Debt is a lot like smoking or excessive drinking.  We all know both are bad for you, but often it can take years, sometimes even decades, before cigarettes and alcohol start to have a significant effect on your health.  Short term it doesn’t seem like it could be a terminal decision, but as the years tick by the cumulative effects start to surface.

In much the same way as smoking and drinking play into your long-term physical health, debt can also affect your long-term financial health.  Few credible people would argue excessive debt is helpful to your financial future.  However, this hasn’t stopped many from borrowing heavily in the early years of their educational and professional career leading to decades spent paying off debt, and for some even into retirement. 

We’ve never met anyone who set a goal to retire with debt, however, we do know many who are still working and not retired because they have debt! 

This post focuses on how to help you get started in taking proactive steps to get out of debt.  The first step for many who have found freedom from debt was figuring out why they wanted to be debt-free.  You are more likely to get out of and stay out of debt if you have a reason why you want to do it.  In this post we’ll provide 10 potential reasons you may want to consider as your "why" to start working toward debt freedom.

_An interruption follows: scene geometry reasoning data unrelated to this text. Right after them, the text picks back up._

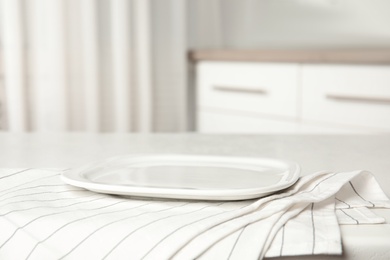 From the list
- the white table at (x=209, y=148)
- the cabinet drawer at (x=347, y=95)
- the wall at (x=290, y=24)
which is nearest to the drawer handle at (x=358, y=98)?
the cabinet drawer at (x=347, y=95)

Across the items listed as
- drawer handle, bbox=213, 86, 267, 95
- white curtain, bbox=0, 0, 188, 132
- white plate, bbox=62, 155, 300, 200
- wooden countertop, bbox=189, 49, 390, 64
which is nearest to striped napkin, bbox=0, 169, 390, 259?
white plate, bbox=62, 155, 300, 200

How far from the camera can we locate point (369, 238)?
0.38m

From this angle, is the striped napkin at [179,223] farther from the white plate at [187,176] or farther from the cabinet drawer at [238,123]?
the cabinet drawer at [238,123]

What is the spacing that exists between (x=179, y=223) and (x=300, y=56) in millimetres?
2067

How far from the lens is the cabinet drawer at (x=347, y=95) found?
2.17 meters

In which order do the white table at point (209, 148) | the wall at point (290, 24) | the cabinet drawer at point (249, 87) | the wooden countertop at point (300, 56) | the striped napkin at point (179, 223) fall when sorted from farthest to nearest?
the wall at point (290, 24) → the cabinet drawer at point (249, 87) → the wooden countertop at point (300, 56) → the white table at point (209, 148) → the striped napkin at point (179, 223)

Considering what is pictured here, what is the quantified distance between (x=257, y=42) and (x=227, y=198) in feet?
9.18

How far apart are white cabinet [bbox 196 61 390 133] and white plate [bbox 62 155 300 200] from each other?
1.68 metres

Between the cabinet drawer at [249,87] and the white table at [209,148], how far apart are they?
5.17ft

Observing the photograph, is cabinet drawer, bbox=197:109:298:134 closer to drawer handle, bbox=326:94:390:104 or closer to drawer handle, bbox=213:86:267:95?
drawer handle, bbox=213:86:267:95

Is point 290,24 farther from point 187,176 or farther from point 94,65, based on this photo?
point 187,176

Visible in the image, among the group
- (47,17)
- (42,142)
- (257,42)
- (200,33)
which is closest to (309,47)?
(257,42)

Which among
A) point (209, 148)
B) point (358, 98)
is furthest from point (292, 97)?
point (209, 148)

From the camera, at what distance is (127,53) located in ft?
8.46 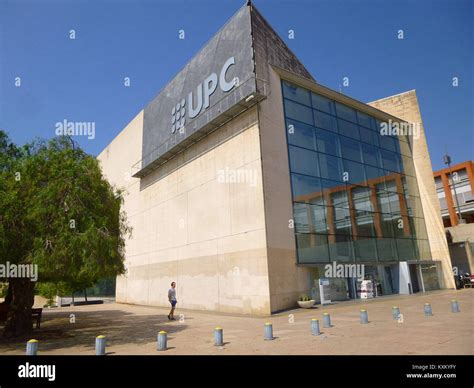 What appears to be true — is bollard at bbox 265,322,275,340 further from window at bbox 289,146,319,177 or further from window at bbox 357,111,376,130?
window at bbox 357,111,376,130

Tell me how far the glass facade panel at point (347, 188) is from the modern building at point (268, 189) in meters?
0.10

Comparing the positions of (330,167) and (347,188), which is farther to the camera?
(347,188)

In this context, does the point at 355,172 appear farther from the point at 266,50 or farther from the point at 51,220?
the point at 51,220

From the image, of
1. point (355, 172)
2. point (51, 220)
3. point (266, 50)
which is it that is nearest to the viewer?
point (51, 220)

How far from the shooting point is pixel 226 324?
14594 millimetres

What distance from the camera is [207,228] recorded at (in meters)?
22.0

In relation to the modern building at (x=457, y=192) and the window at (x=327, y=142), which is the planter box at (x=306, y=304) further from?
the modern building at (x=457, y=192)

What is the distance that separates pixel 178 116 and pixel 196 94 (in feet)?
9.29

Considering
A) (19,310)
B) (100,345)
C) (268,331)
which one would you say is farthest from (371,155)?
(19,310)

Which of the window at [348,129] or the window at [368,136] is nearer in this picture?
the window at [348,129]

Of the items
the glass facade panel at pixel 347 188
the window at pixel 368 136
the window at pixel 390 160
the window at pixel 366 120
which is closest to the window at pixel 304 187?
the glass facade panel at pixel 347 188

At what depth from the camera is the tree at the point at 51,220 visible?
10594 millimetres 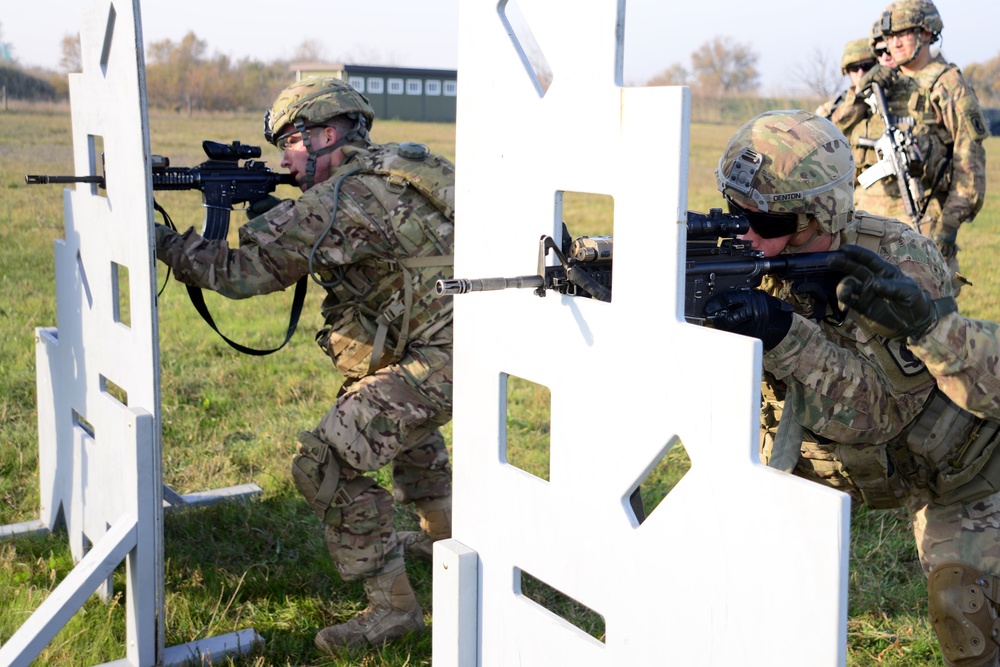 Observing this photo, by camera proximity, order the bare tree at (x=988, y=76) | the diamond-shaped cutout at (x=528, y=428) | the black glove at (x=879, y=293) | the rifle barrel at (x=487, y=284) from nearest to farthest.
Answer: the rifle barrel at (x=487, y=284), the black glove at (x=879, y=293), the diamond-shaped cutout at (x=528, y=428), the bare tree at (x=988, y=76)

However, before we look at some possible why’s, let’s look at the current state of the debt problem facing many doctors.  Our goal is not to make you feel worse about your debt, but to help you see your situation is probably no worse than the average physician, and more importantly, by making some changes now you can have a dramatic positive affect on your future financial health!


You can wander into debt, but you can’t wander into wealth!

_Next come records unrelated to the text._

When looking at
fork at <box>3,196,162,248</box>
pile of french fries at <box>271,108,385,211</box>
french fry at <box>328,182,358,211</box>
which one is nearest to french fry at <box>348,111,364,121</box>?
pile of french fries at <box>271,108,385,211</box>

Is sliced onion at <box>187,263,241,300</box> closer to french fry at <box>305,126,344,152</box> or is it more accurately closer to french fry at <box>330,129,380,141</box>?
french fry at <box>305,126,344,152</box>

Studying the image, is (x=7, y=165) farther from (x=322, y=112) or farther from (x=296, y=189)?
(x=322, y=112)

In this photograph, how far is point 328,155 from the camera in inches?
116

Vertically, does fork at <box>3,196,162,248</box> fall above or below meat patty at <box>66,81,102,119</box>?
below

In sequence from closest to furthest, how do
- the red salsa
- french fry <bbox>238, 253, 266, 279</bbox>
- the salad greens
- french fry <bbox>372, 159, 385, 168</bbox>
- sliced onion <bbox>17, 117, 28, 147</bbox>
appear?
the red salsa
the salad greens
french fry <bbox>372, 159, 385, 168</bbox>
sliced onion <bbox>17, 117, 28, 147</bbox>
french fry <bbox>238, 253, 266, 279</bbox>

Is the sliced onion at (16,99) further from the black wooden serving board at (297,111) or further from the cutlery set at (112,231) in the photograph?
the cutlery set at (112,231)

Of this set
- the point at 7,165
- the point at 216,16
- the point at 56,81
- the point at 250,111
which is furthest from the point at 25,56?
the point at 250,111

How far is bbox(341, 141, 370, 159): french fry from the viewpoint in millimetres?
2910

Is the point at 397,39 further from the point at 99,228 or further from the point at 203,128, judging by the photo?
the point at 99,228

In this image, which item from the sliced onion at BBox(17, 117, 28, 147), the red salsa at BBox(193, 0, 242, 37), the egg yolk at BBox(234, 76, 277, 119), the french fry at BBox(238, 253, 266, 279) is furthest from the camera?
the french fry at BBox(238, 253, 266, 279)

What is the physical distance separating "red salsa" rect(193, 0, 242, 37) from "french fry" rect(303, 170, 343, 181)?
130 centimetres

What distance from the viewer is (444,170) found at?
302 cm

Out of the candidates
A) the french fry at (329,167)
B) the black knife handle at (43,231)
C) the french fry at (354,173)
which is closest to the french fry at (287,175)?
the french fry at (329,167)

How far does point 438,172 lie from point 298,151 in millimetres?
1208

We can remember how easy it was to wander into debt.  It seemed like with just a few mouse clicks we found ourselves hundreds of thousands of dollars in debt.  Can you relate to us?  We’d guess that for you finding your way into debt didn’t take much effort either. 

The problem of debt only seems to be getting worse as education costs, one of the major contributors to excessive debt, continues to rise each year.  In a recent Medscape Resident Salary and Debt Report, more than 60% of residents reported having medical school debt in excess of $100,000.  Even more frightening is that over 20% reported debt exceeding $300,000!  Keep in mind this is just medical school debt and does not include undergraduate and consumer debt many have on top of their medical education debt.

You might argue, “well, that’s ‘normal’ because of the high cost of education, but over time they will make more money than if they did not go to school, and they will eventually pay their debt off.”  This may be true for some, but Medscape’s data also shows nearly half are still paying off student loan debt in their early forties, a decade or more after they have finished residency. 

The average physician salary has been around $250K over the last decade (source: Medscape Physician Compensation Report) so paying off the debt should not be a significant problem for most doctors.  Why are so many staying in debt after earning over $2M ($250K/year x 10 years working) in the decade after residency?  What’s holding you back?  Tell us here

The excessive debt many are carrying into their forties may also be keeping many from building wealth and becoming millionaires (having a net worth of >$1M).  Medscape reports over 70% of physicians from 35 – 49 years old have a net worth of less than $1M.  Why would someone who’s made over $2M since residency not be a millionaire?  One big reason is debt, and too much of it.


Start with why.

Simon Sinek wrote a best seller in 2011 titled, Start with Why: How great leaders inspire everyone to take action.  Although his book is focused on improving business performance, it offers a lot of insight into a path for getting out of debt.  Sinek argues average organizations start with what they do and / or produce unlike great organizations that focus on why they do it.  He goes on to suggest consumers are more likely to buy from organizations if they can find a personal connection with an organization’s why, and not just what they sell. 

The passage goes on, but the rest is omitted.